# YOUR INSTRUCTIONS
Print all of the data exactly, but drop the pictures.

(Excerpts from a dataset)
•••

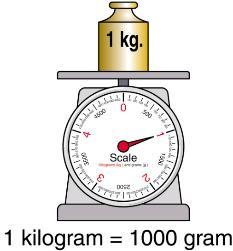 meter (m) واحد اندازه ګیری یک متر 1 m = 10 dm =
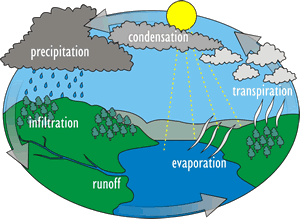 water_cycle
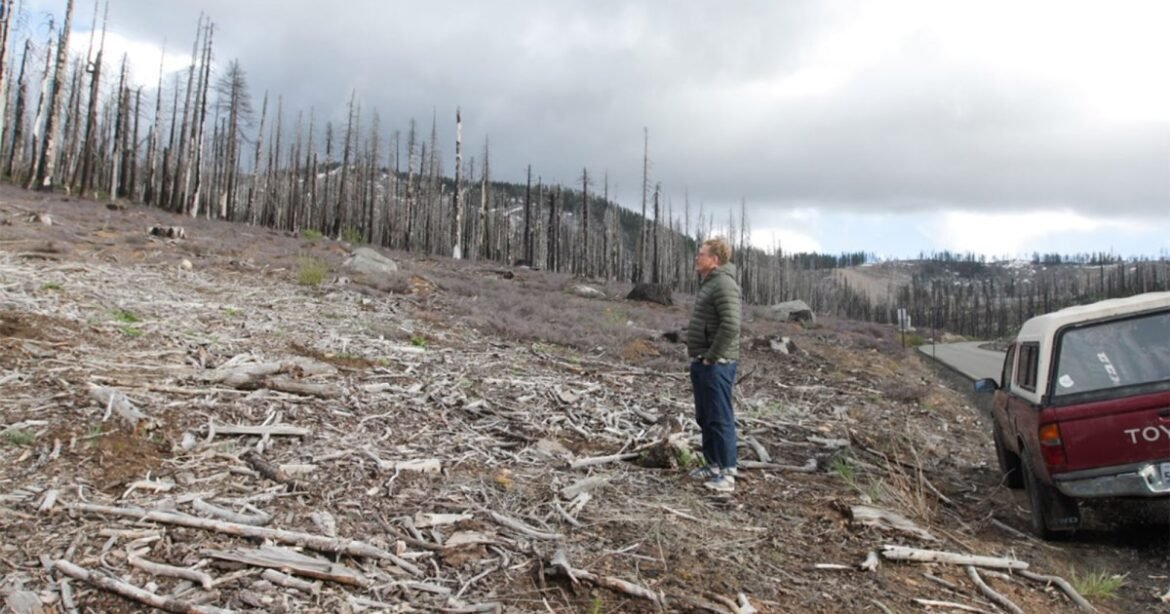 The Fight Over Spraying Roundup in California’s Forests Has Only Gotten Bigger – Mother Jones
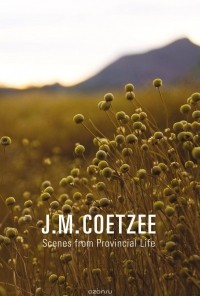 J.M. Coetzee - Scenes from Provincial Life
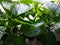 Close-up of green leaves of bell pepper seedlings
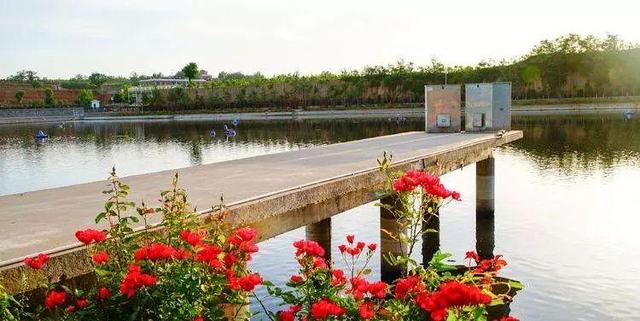 最近农村免费旅游攻略(乡村旅游最佳选择目的地)(4)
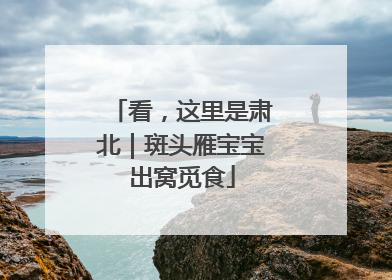 看，这里是肃北｜斑头雁宝宝出窝觅食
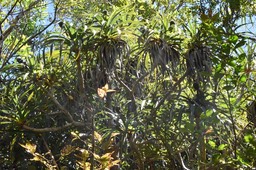 Pandanus sylvestris - Petit vacoa - PANDANACEAE - Endémique Réunion
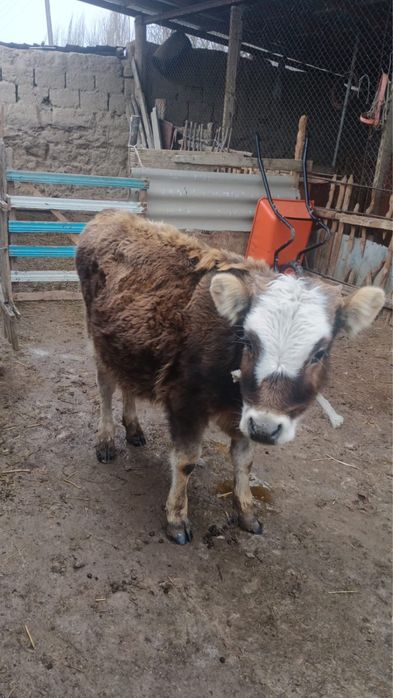 Тёлка достовка есть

•••

# WORKED SOLUTION
 meter (m) واحد اندازه ګیری یک متر 1 m = 10 dm =
 water_cycle
 The Fight Over Spraying Roundup in California’s Forests Has Only Gotten Bigger – Mother Jones
 J.M. Coetzee - Scenes from Provincial Life
 Close-up of green leaves of bell pepper seedlings
 最近农村免费旅游攻略(乡村旅游最佳选择目的地)(4)
 看，这里是肃北｜斑头雁宝宝出窝觅食
 Pandanus sylvestris - Petit vacoa - PANDANACEAE - Endémique Réunion
 Тёлка достовка есть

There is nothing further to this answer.